I am not sure if the model uses only spatial transform data or temporal transformations also while training and am hence confused.
I am trying to predict the output on a video outside of the dataset. Can you tell me the steps to perform that?
Please advise
Let me know if I need to provide more information like training parameters
@guilhermesurek Hi, Thank you for your sharing, But I had another problem: Do you know how to get model() I had error every time --> frame = model() Can you share the full code for webcam? Thank you in advance!
@Purav-Zumkhawala, i will try to explain, let me know if I was'nt very clear.
does this pre-processing step still holds true if I am using the resnet50 model which was fine-tuned on the UCF101 dataset?. For training and inference, we use the jpg images generated for each video and I thought something similar would have to be done for any video for testing.
Yes, but not all. You need to normalize the input the same way you normalize in the training phase. And then, convert to tensor. Other spatial transformations done in the training are not necessary. And yes, you need to do something similar if you need to test on other videos, but the original code doesn't have this functionality.
This looks like a decent way to test the videos. We only have to create an array or file with class names for mapping. The class order should be the same as the class order present while training the model.
This is the way when testing on video files.
I am not sure if the model uses only spatial transform data or temporal transformations also while training and am hence confused.
The model used both. I'm using the standards for testing from the main code.
I am trying to predict the output on a video outside of the dataset. Can you tell me the steps to perform that?

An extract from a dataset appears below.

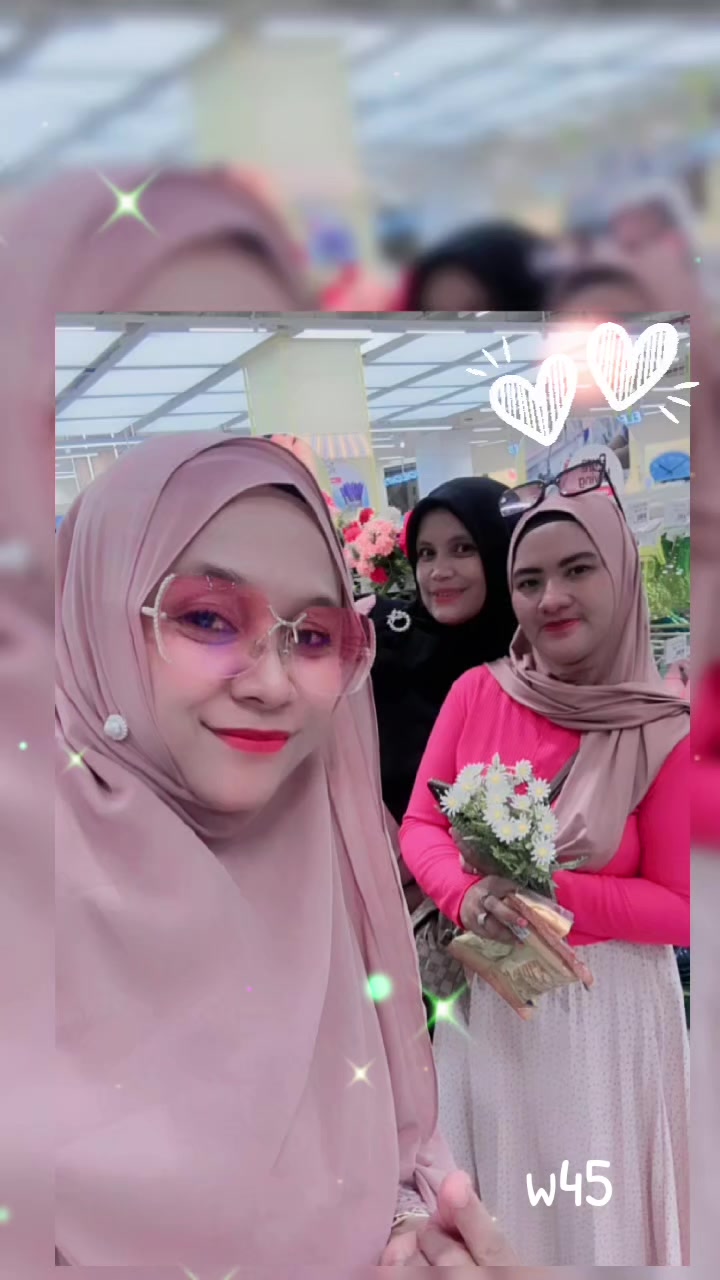 @Umi Widyastuti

You just need to check your temporal window, in other words, the fps from your videos. If you use a 120 fps video for testing it would have 4 times more frames than the original ones and you will get, probably, wrong labels.

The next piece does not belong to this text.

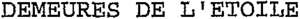 DEMEURES DE L'ETOILE_logo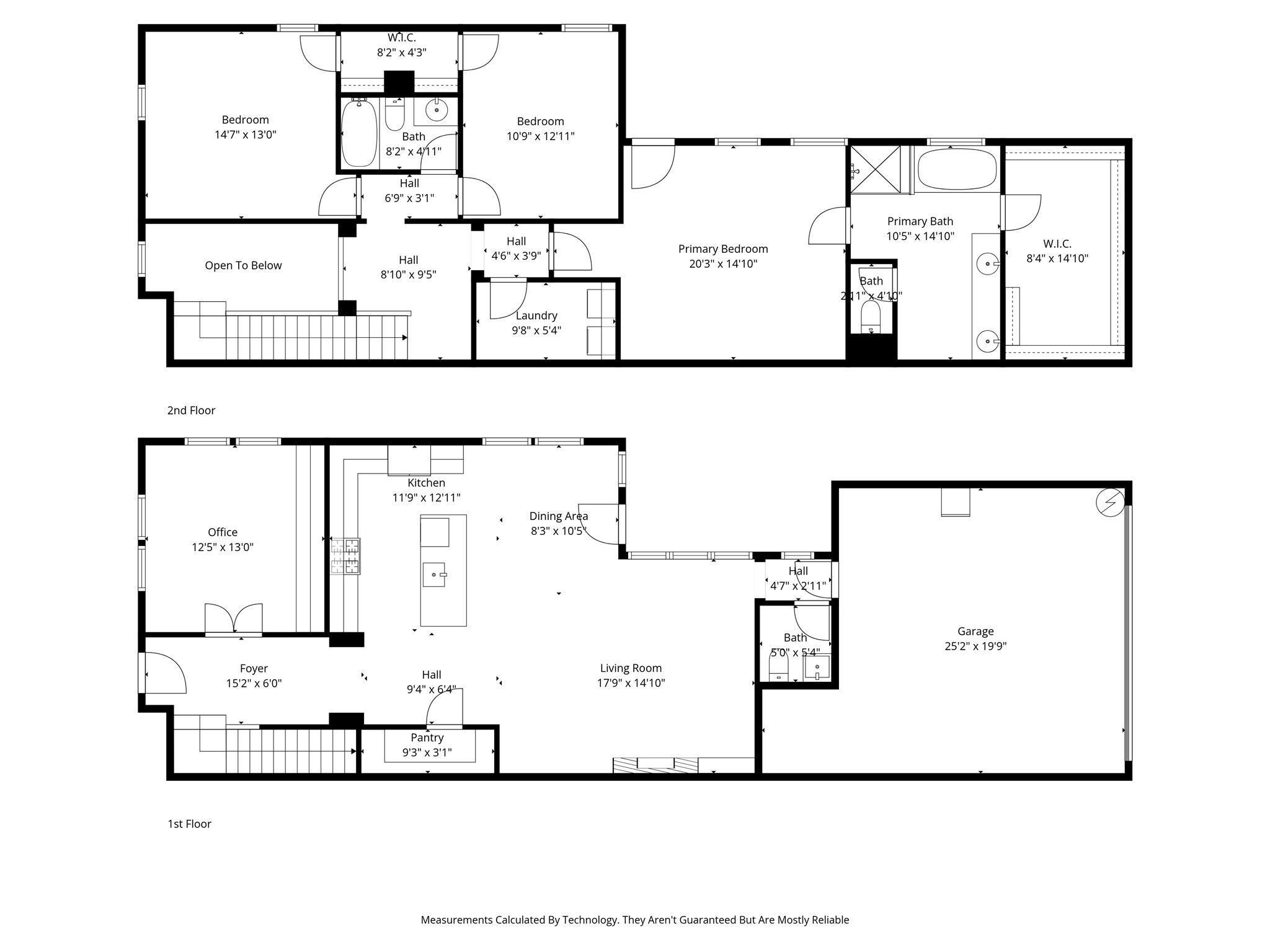 741 S Coppell Road Coppell TX 75019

@TonyLi-Shu try to use this https://github.com/guilhermesurek/computer-vision-framework and please, all credits to Keshohara and his team.
I want to predict the class label using webcam. so I got the frame of webcam image, then put it to model.
but I got the error
I think that i should spatial and temporal transform.. however if i do spatial transform
frame = spatial_transform(frame)
can you tell me how to use the model to predict class label with webcam frame image.